Exercise brief:
An exact copy of the listing below is needed, with no pictures in it.

Given material:
________________________________________

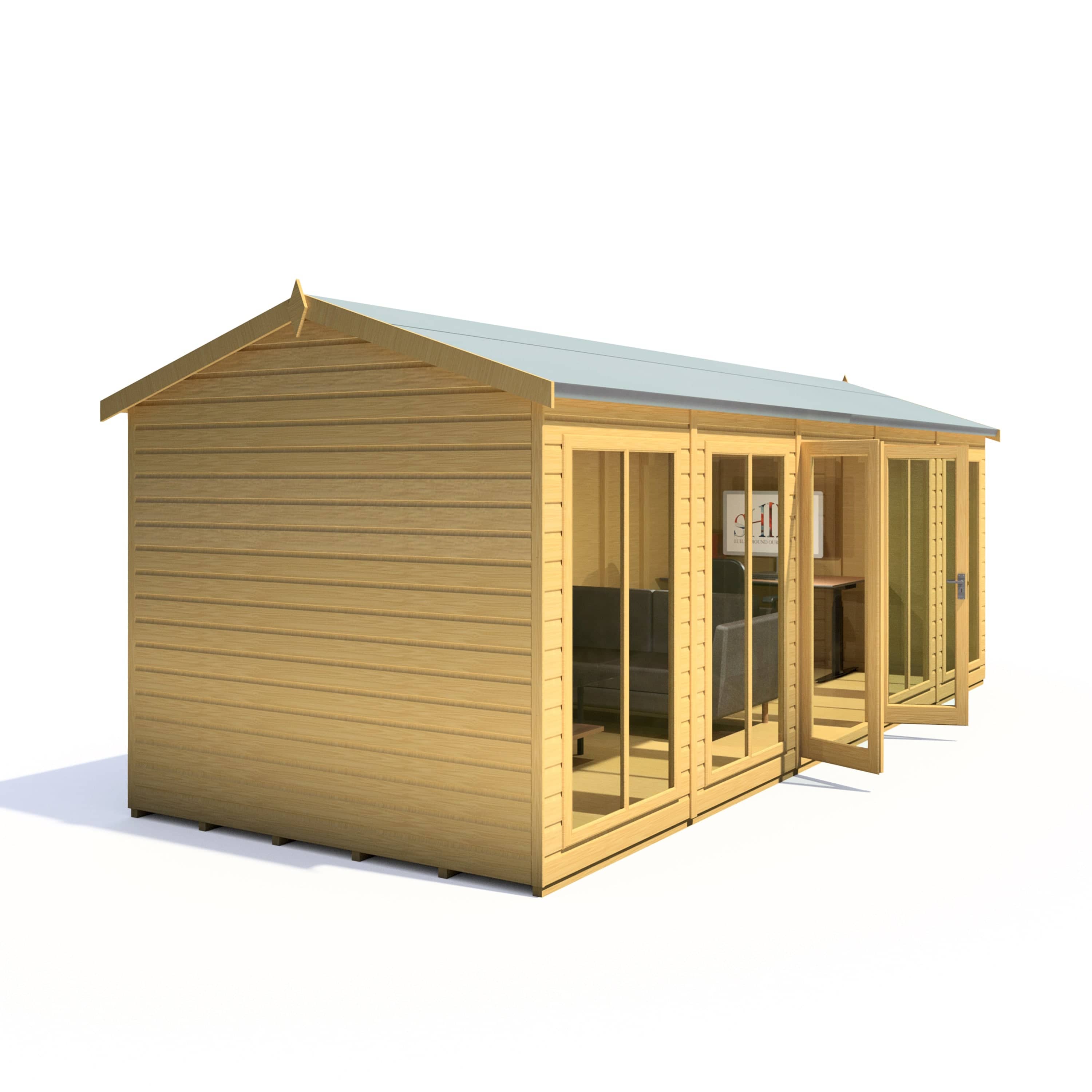 Shire 20 x 8 Mayfield Summerhouse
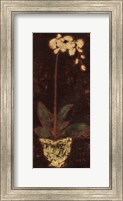 Gilded Orchid I Fine Art Print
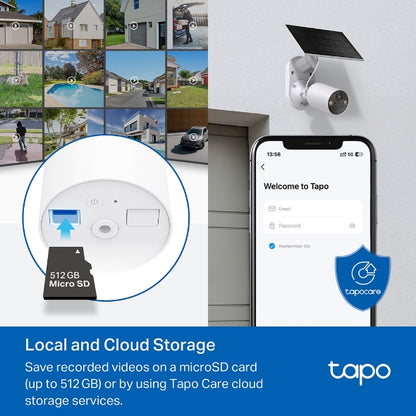 Tp-Link Tapo C410 KIT I Solar-Powered Security Camera Kit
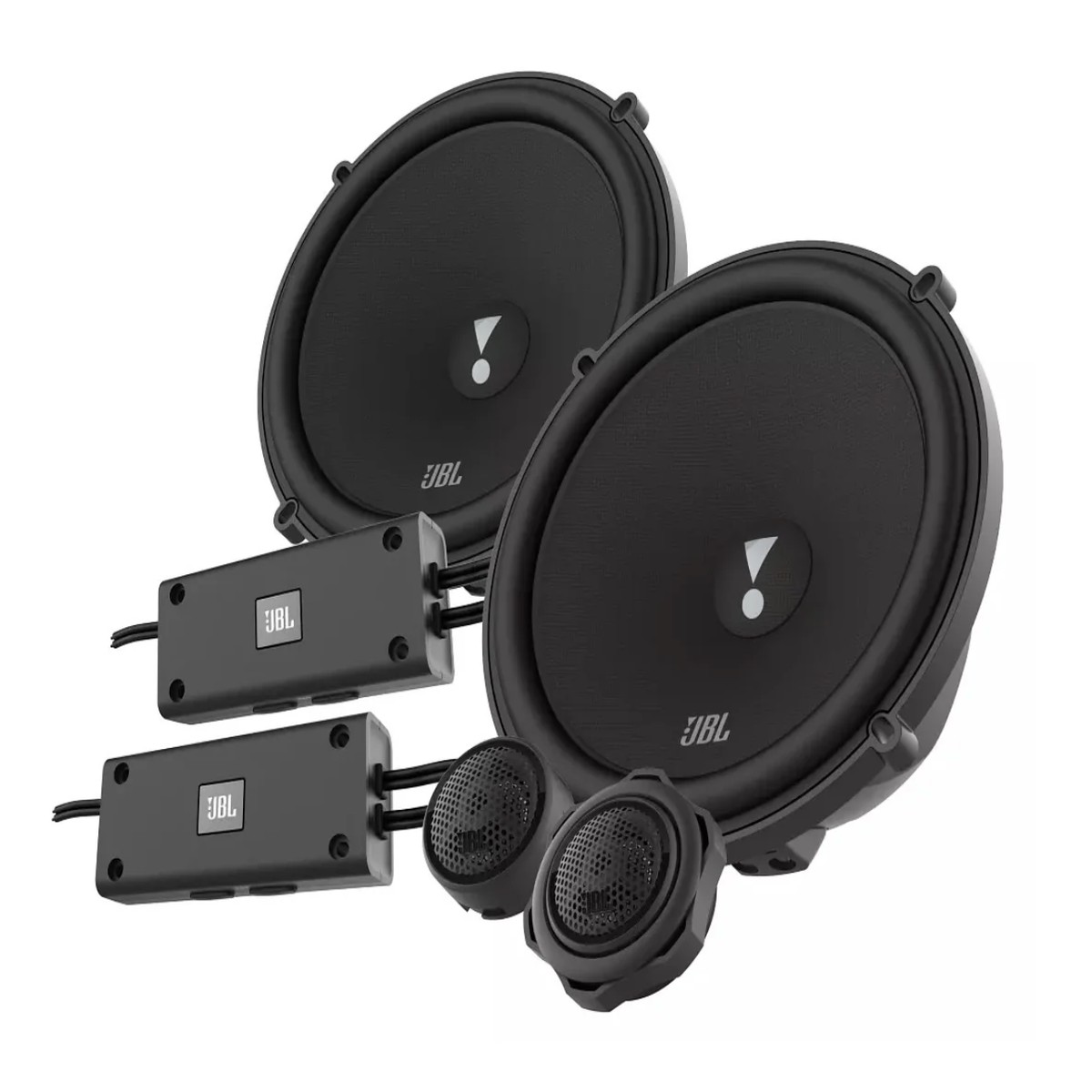 JBL Stadium 62CF 6.5-Inch Component Car Speakers | 110W RMS | 93dB High Sensitivity | Stadium Series Premium Audio System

________________________________________

Answer below:
 Shire 20 x 8 Mayfield Summerhouse
 Gilded Orchid I Fine Art Print
 Tp-Link Tapo C410 KIT I Solar-Powered Security Camera Kit
 JBL Stadium 62CF 6.5-Inch Component Car Speakers | 110W RMS | 93dB High Sensitivity | Stadium Series Premium Audio System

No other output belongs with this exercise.